Minggu, 18 April 2010

Editorial,

Perjalanan suatu bangsa tidak lepas dari perubahan. Bangsa Indonesia juga mengalami deras gemburan perubahan itu. Di tengah hiruk-pikuk gelombang kasus yang bermunculan, mulai dari kasus Bank Century, isu barter kasus, serta fakta penyimpangan atau korupsi pajak, Indonesia juga dihadapkan dengan berbagai tantangan perubahan ekonomi dunia. Penandatanganan berbagai perjanjian perdagangan bebas mendorong Indonesai segera berbenah dalam menghadapi konsekuensi-konsekuensi perjanjian itu. Bagaimana tidak, ketika perdangangan bebas mulai dijalankan, keluhan dari pelaku ekonomi domestik (lokal) mulai bermunculan. Bagi masyarakat, perdagangan bebas mungkin tidak terlalu berdampak. Namun, bagi pelaku ekonomi kecil, terutama yang bergerak dalam bidang tekstil, pelaksanaan perjanjian ini cukup mengonjangkan. Persaingan harga dan kualitas produk dari berbagai negara pun tak terelakan. Pelaku ekonomi tekstil dan pedangang kebutuhan harus memutar otak dan beradu strategi dalam berdagang. Pemerintah juga diminta melakukan langkah-langkah antisipatif melalui kebijakan pintar yang melindungi pelaku ekonomi nasional.

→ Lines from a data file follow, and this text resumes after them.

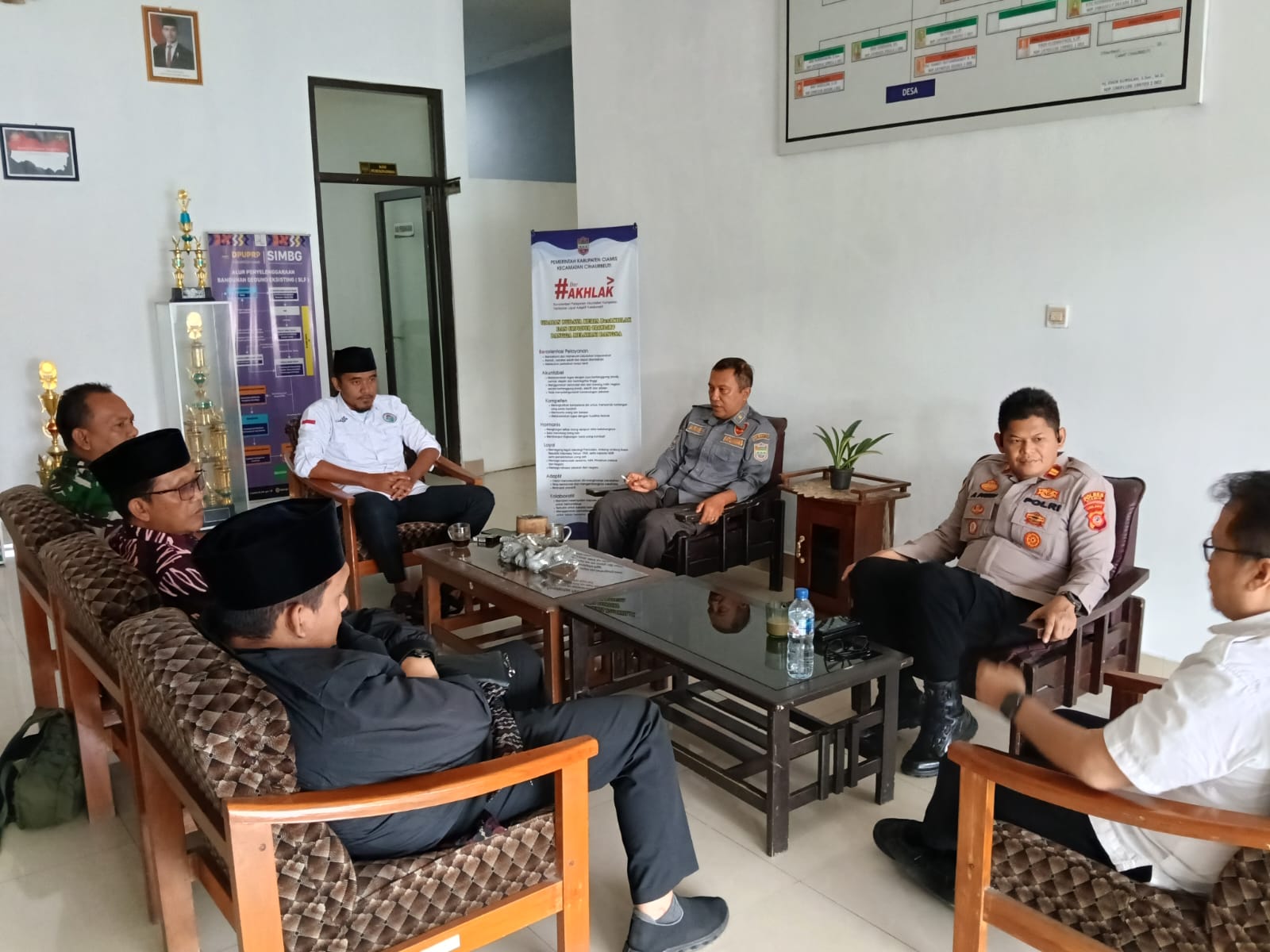 Kapolsek Cihaurbeuti Perkuat Koordinasi dengan Ormas Keagamaan, Wujudkan Ramadhan Aman dan Kondusif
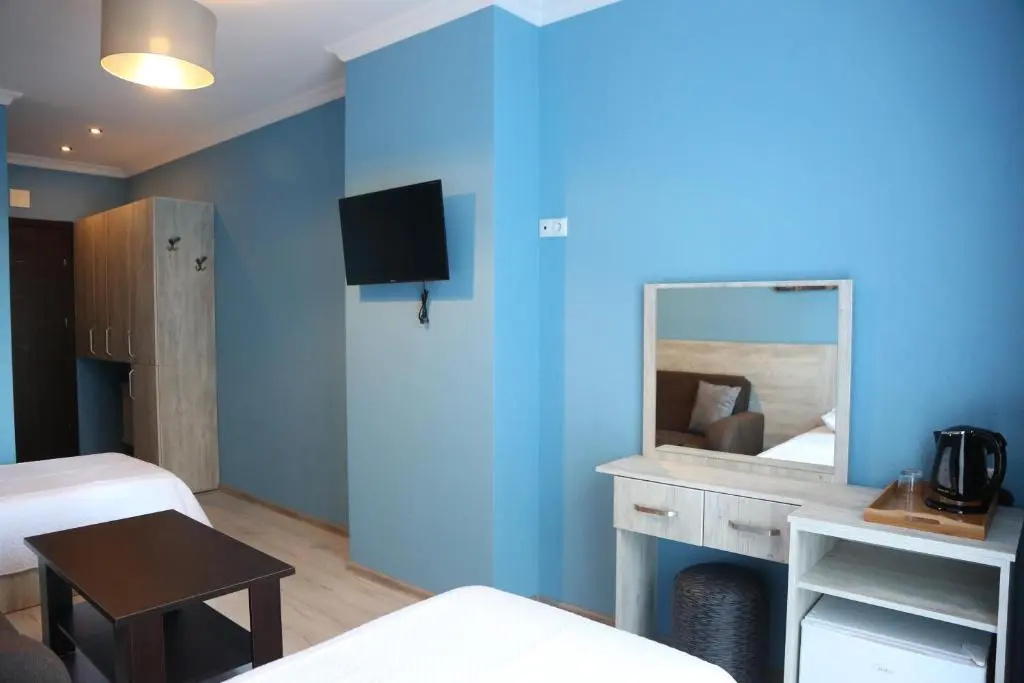 Double room (full double bed)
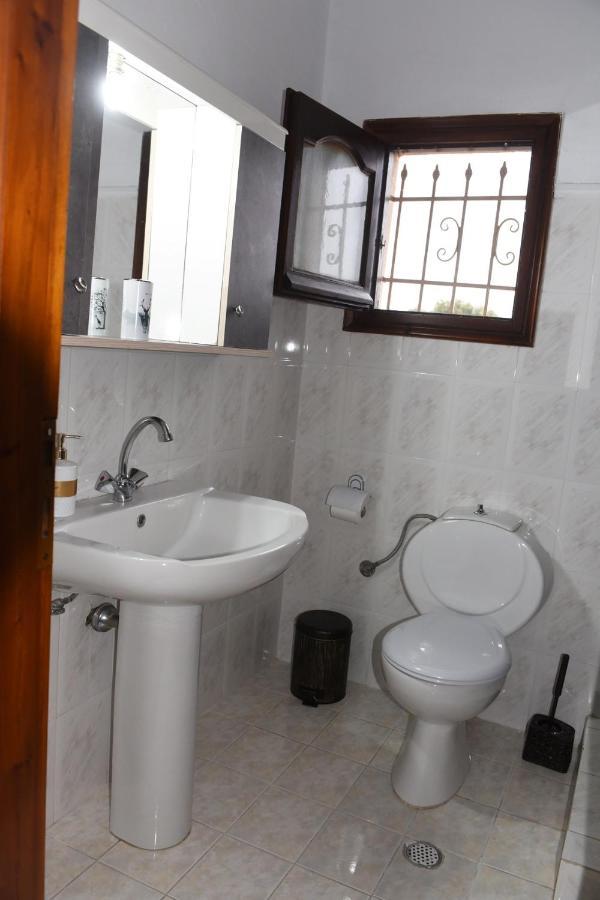 Alesta Apartment ตริกาลา ภายนอก รูปภาพ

Di sisi lain, tuntutan perubahan dan percepatan reformasi birokrasi makin genjar dilakukan masyarakat pemerhati lembaga penyelenggara negara. Berbagai kasus korupsi yang mencuat semakin memiriskan hati dan harapan masyarakat terhadap aparatus kita. Lembaga yang menjadi contoh pelaksanaan reformasi birokrasi justru mengalami pendangkalan citra akibat kasus suap dan korupsi pajak yang menimpanya. Seorang PNS dengan golongan IIIA mampu mendulang harta karung dengan miliaran rupiah. Kondisi ini membenarkan mengapa lembaga internasional menempatkan kita sebagai salah satu negara terkorup di dunia, dan bahkan nomor satu di Asia Tenggara.

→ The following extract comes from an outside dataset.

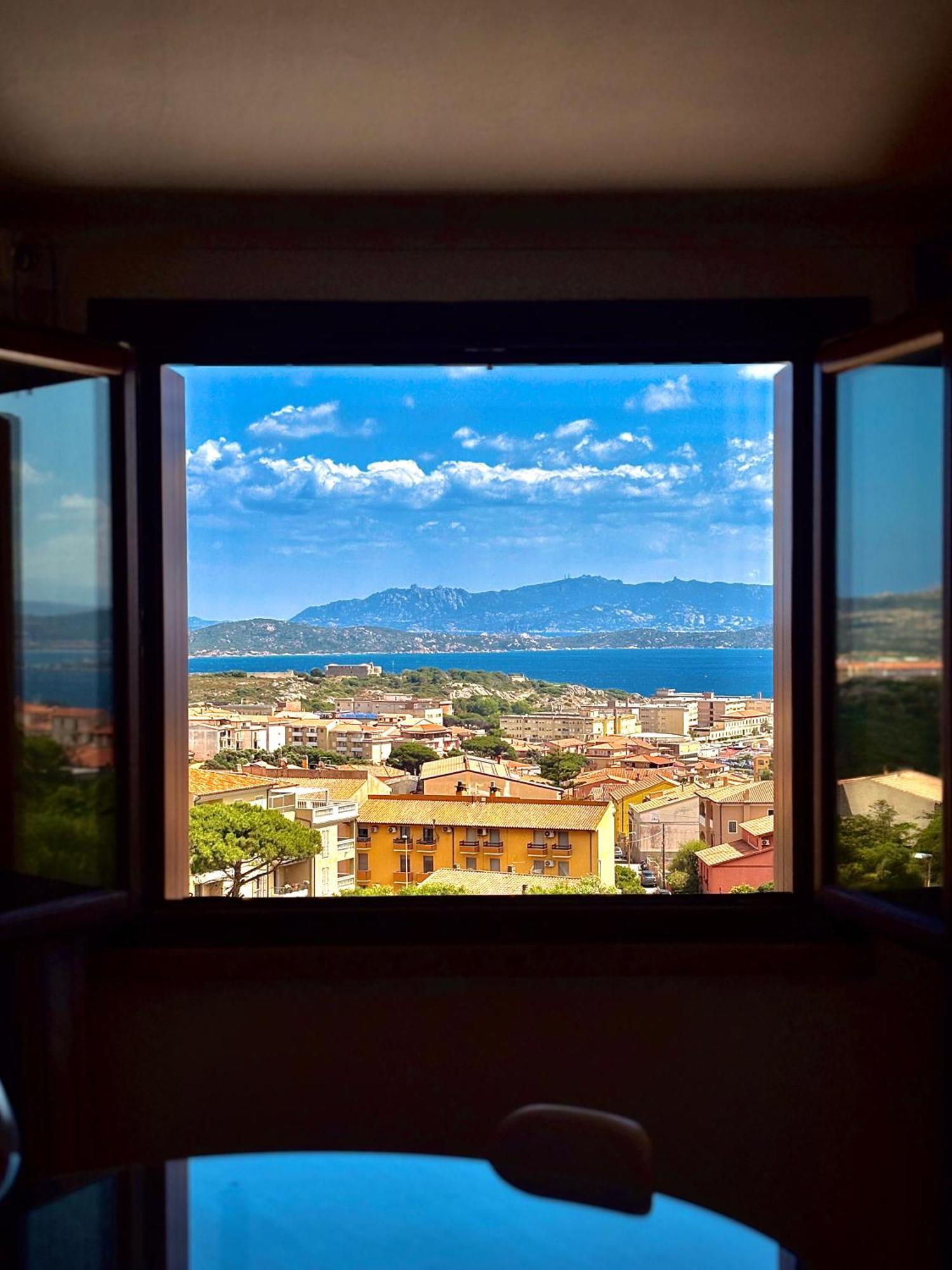 Residence Borgo Punta Villa Ла-Маддалена Екстер'єр фото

Selain itu, masyarakat, khususnya mahasiswa juga mengalami persoalan integritas dan krisis citra diri. Gejolak dan konflik mewarnai perjalanan kehidupan kampus beberapa bulan terakhir. Mahasiswa yang seharusnya menjadi motor penggerak dalam menantang dan menjawab perubahan terbukti “membleh” alias gagal menggemban tugas mulia ini. Mahasiswa terlalu sibuk dengan berbagai agenda, namun sayangnya semua agenda (kegiatan) itu berjalan asal dan tanpa dampak berarti bagi kehidupan bangsa ini. Kemiskinan idealisme dan miskin rujukan moral juga menimpa pergerakan mahasiswa. Akibatnya mahasiswa tak ubahnya identitas yang tak bermakna lebih, jika dibandingkan dengan identitas sosial lainnya.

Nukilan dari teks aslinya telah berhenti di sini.